What you will do
What are the lines, word for word, from the line with "Infinix Hot 30" up to and including the line with "Wings at the" in the records below? Omit the pictures.

Exercise material
== Segment start ==

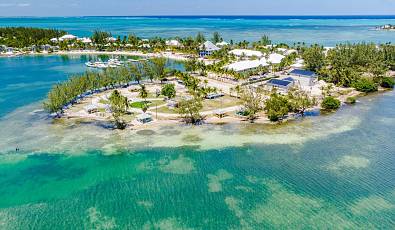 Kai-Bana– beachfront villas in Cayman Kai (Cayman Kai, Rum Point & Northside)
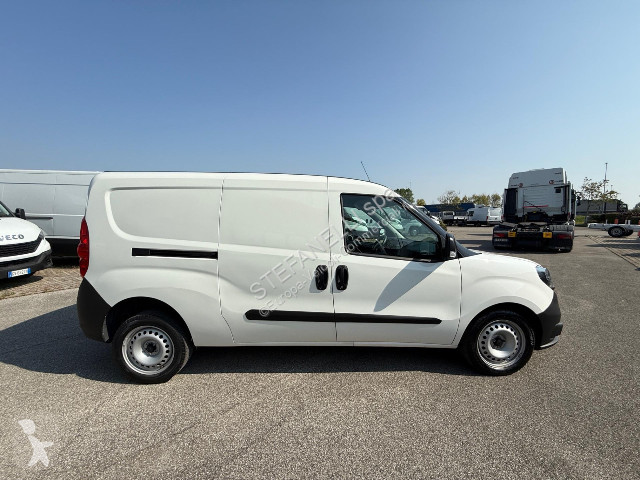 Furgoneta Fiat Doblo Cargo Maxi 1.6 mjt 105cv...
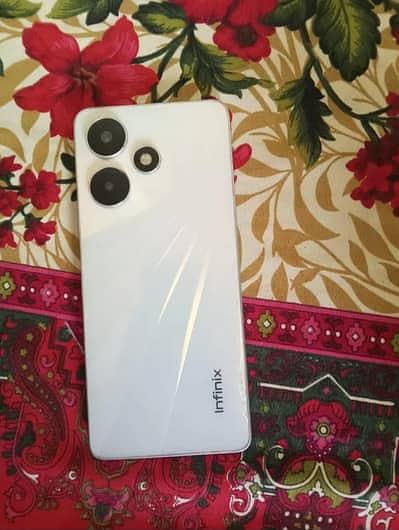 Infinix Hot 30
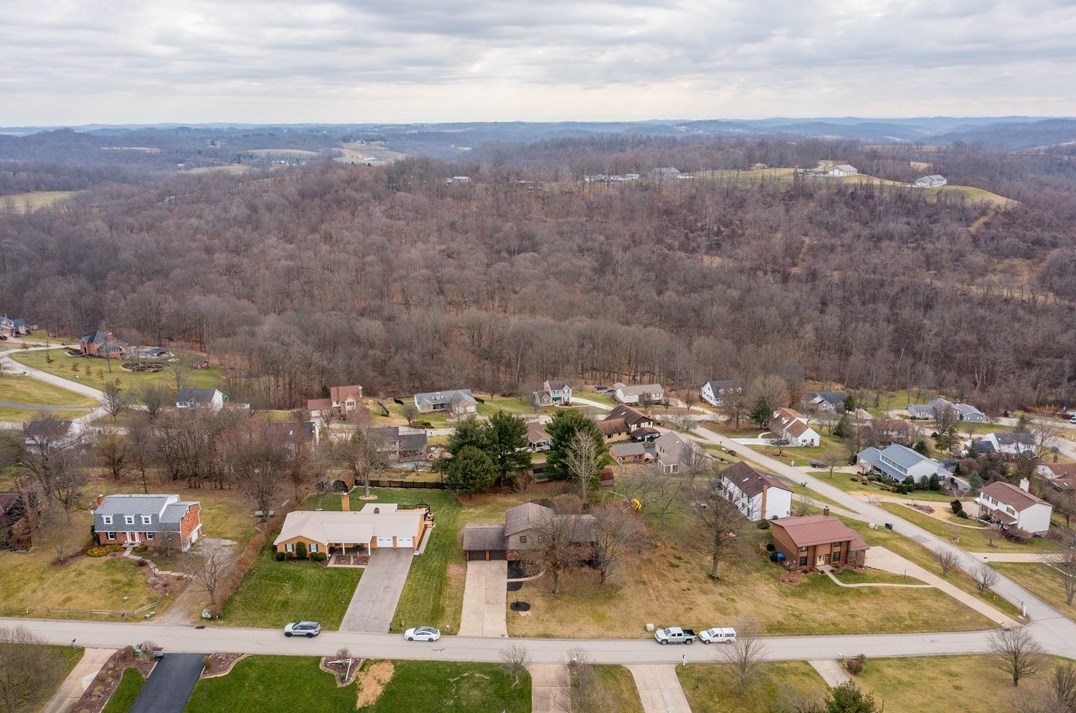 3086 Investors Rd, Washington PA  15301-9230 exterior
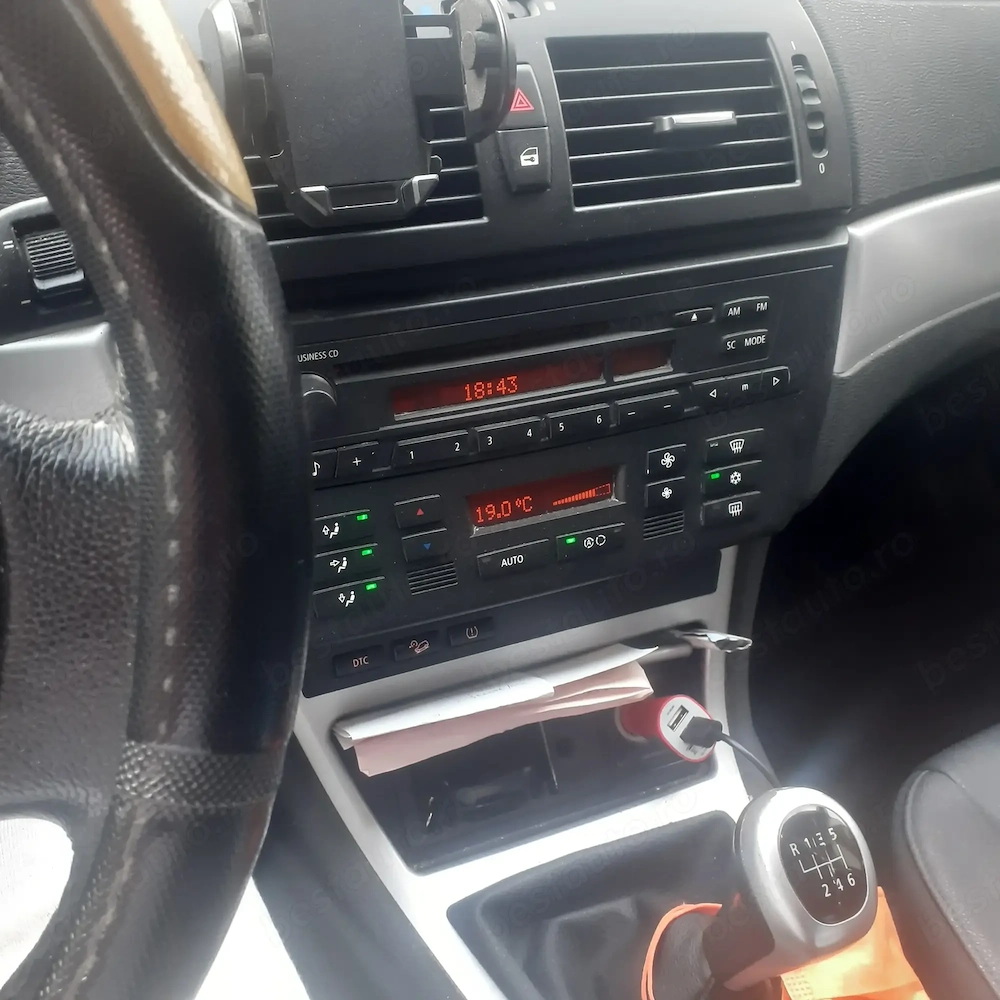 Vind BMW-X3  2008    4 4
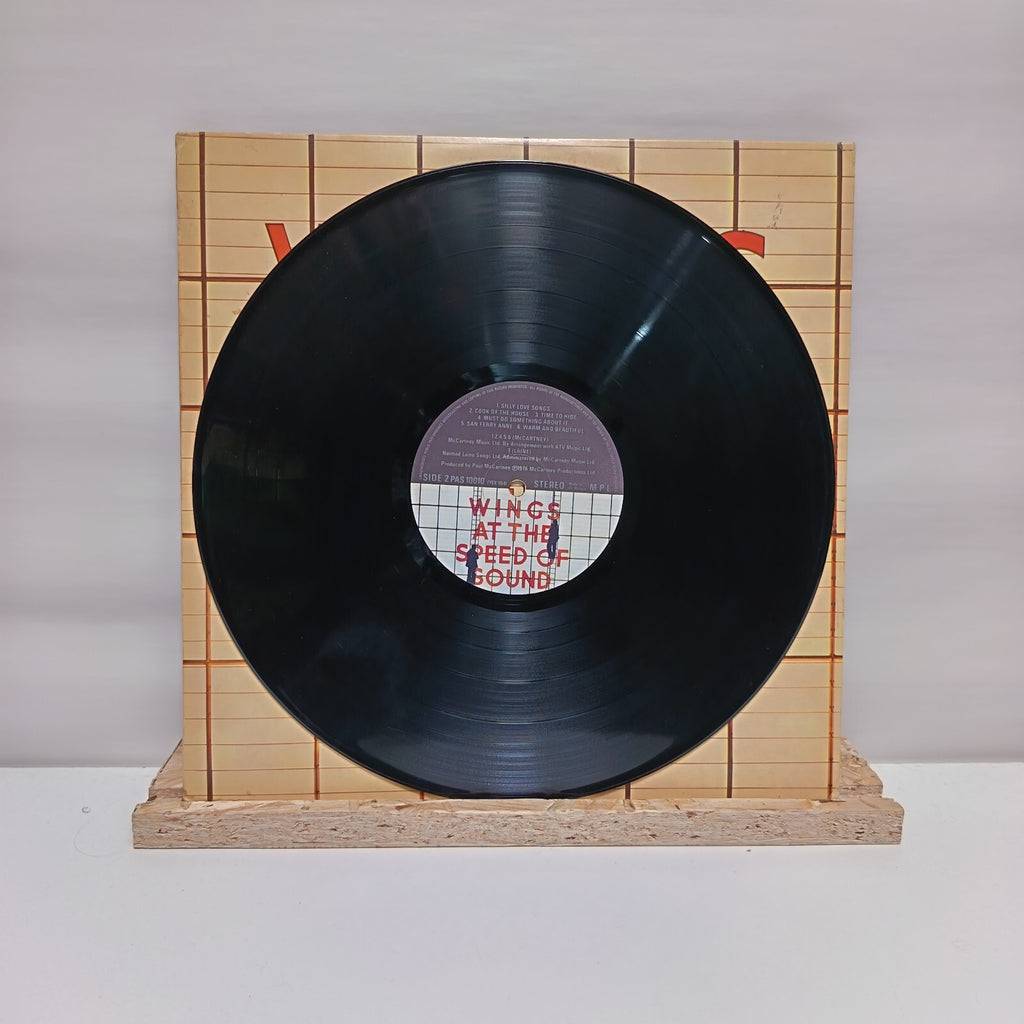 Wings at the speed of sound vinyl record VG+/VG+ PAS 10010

== Segment end ==
== Segment start ==

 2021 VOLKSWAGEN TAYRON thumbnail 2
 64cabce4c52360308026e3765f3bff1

== Segment end ==

Output of the task
 Infinix Hot 30
 3086 Investors Rd, Washington PA  15301-9230 exterior
 Vind BMW-X3  2008    4 4
 Wings at the speed of sound vinyl record VG+/VG+ PAS 10010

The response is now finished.